There are limitations in this study. In order to make a cost-effective analysis of the IgG subclasses at our center, we did the two methods serially rather than on the same sera. The aime of the study is to show that new diagnoses and serial monitoring of the IgG4 levels can be done by either method. The two patient groups before and after 2016 do represent real-world experience of clinicians managing IgG4-related disease patients using IgG subclasses. The historic group before 2016 does have a lower number than the present group of patients due to increased institutional awareness of the disease and this could also introduce bias between the two groups. The testing on the same sera between these two methods has been shown without clinical correlation previously10.

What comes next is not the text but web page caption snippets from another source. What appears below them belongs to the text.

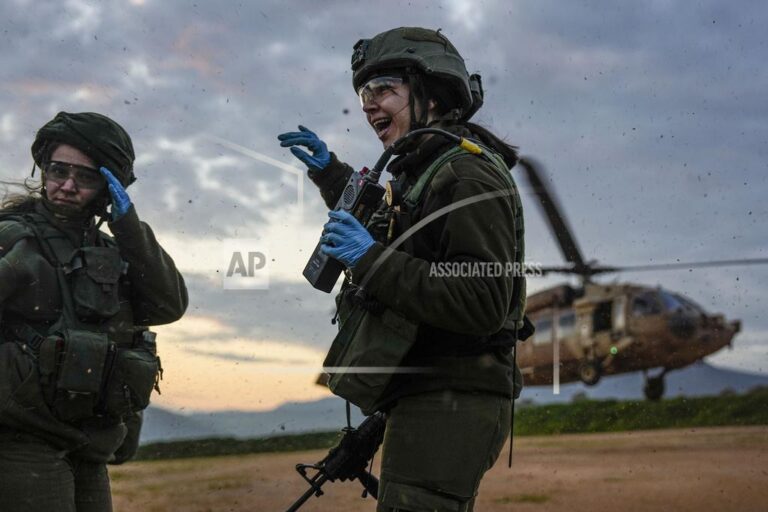 Israeli female paramedic soldiers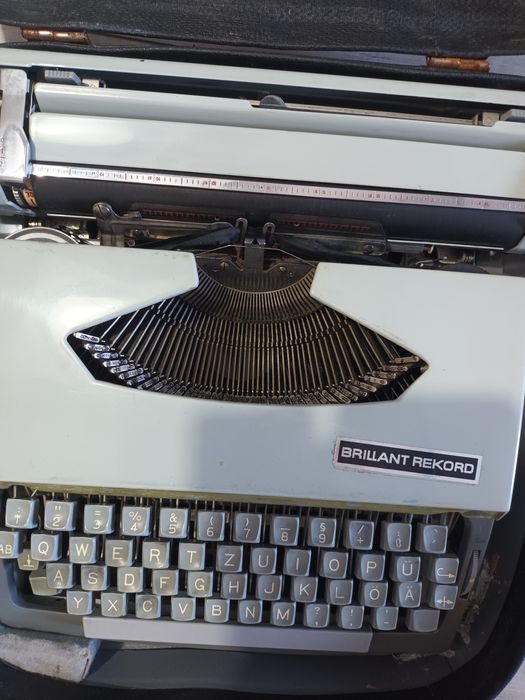 Masina de scris Brillant Rekord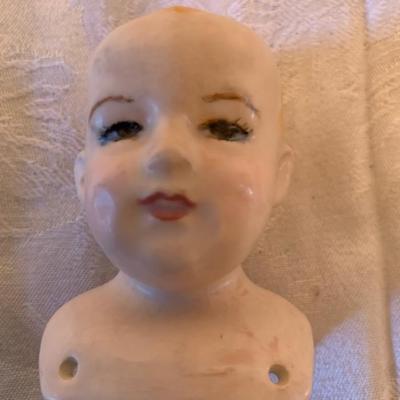 Vtg Porcelain doll head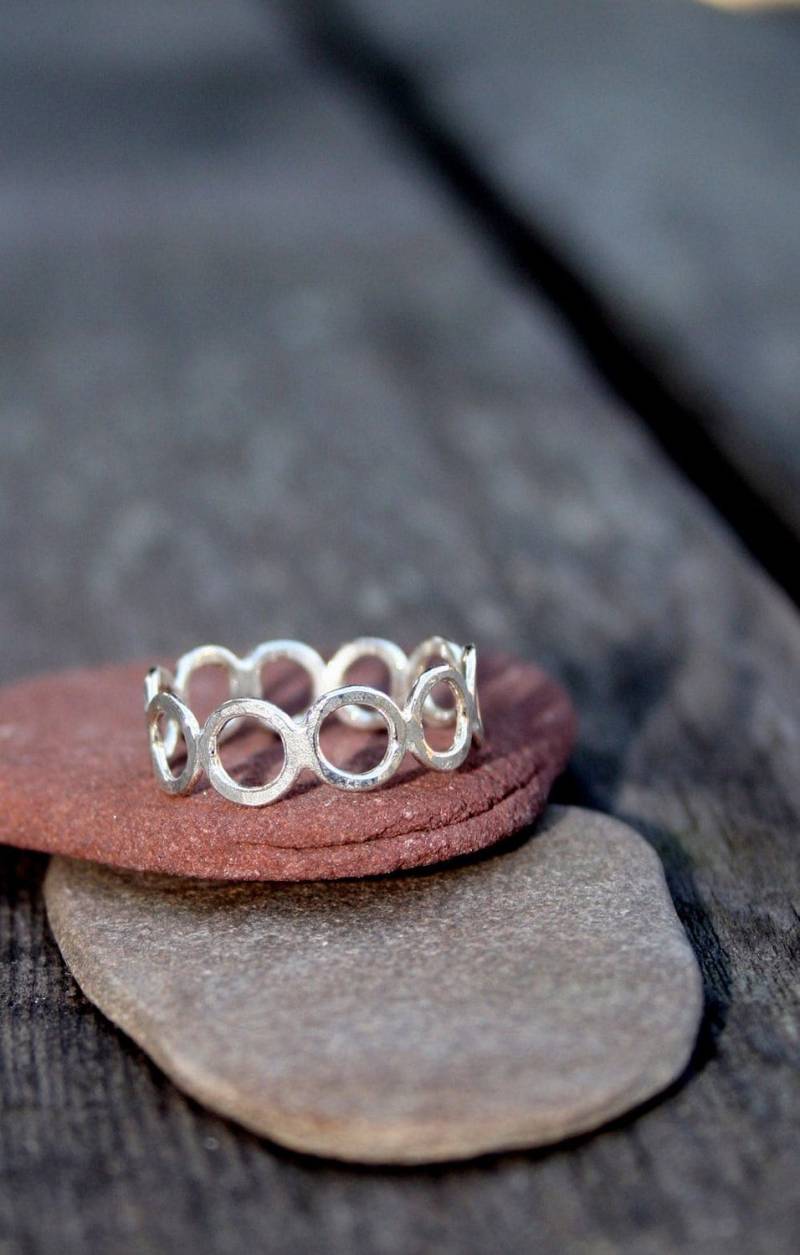 Ein Band Aus Kreisen Ein Band Aus Kreisen von sallycavallarodesign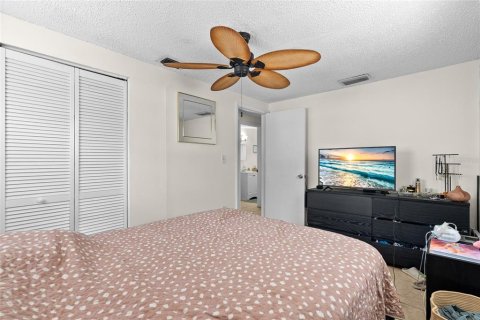 Immobilier commercial à vendre à Saint Petersburg, Floride: 4 chambres, 135.45 m2 № 2101434 - photo 19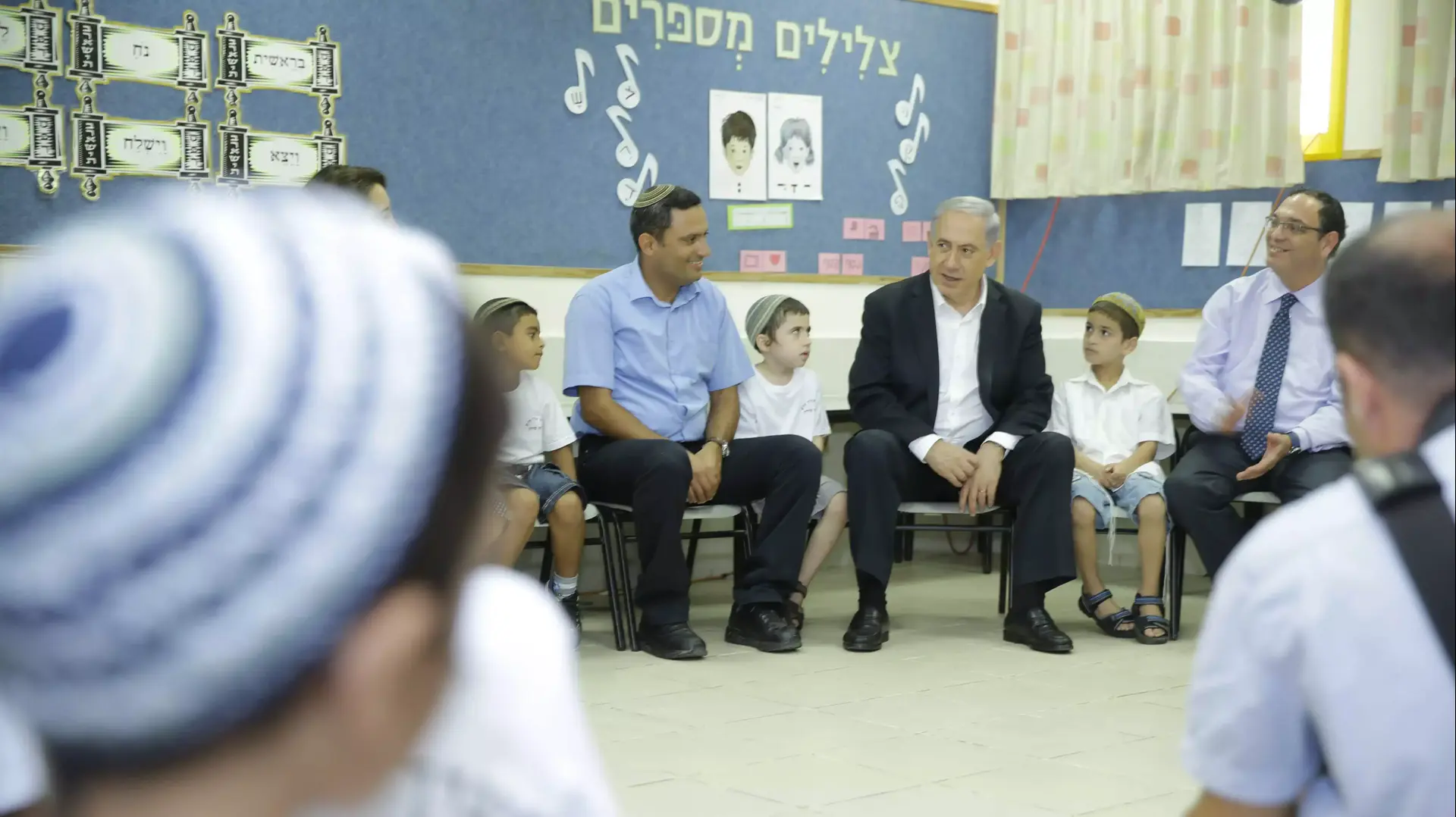ראש הממשלה בנימין נתניהו בפתיחת שנת הלימודים בשדרות, ספטמבר 2014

The correlation between the responder index and the IgG subclasses demonstrates a linear relationship for both BSIN and LC–MS/MS. It is difficult to do serial measurements of IgG4 levels and make a meaningful trend without a dedicated study. However, the IgG4 level does tend to go up with flares and be higher with increasing number of organs involved, especially within the same patient14. Our r correlations show that there is a linear relationship between the IgG subclasses albeit IgG4 makes an imperfect biomarker.

This study demonstrates that mass spectrometry is a valid and equally reliable method to diagnose IgG4-related disease. The two methods have comparable sensitivity and specificity to immunonephelometry. Due to the superiority of LC–MS/MS in terms of prozone effect and cross-reactivity, one would expect potentially a higher sensitivity and specificity than nephelometry. Our findings likely reflect IgG4 as biomarker in general for this disease whereby the IgG4 level is only one portion of the diagnosis rather than a disease specific autoantibody. Depending on costs of instrumentation, labor, and cost of reagents, mass spectrometry may be less costly than BSIN.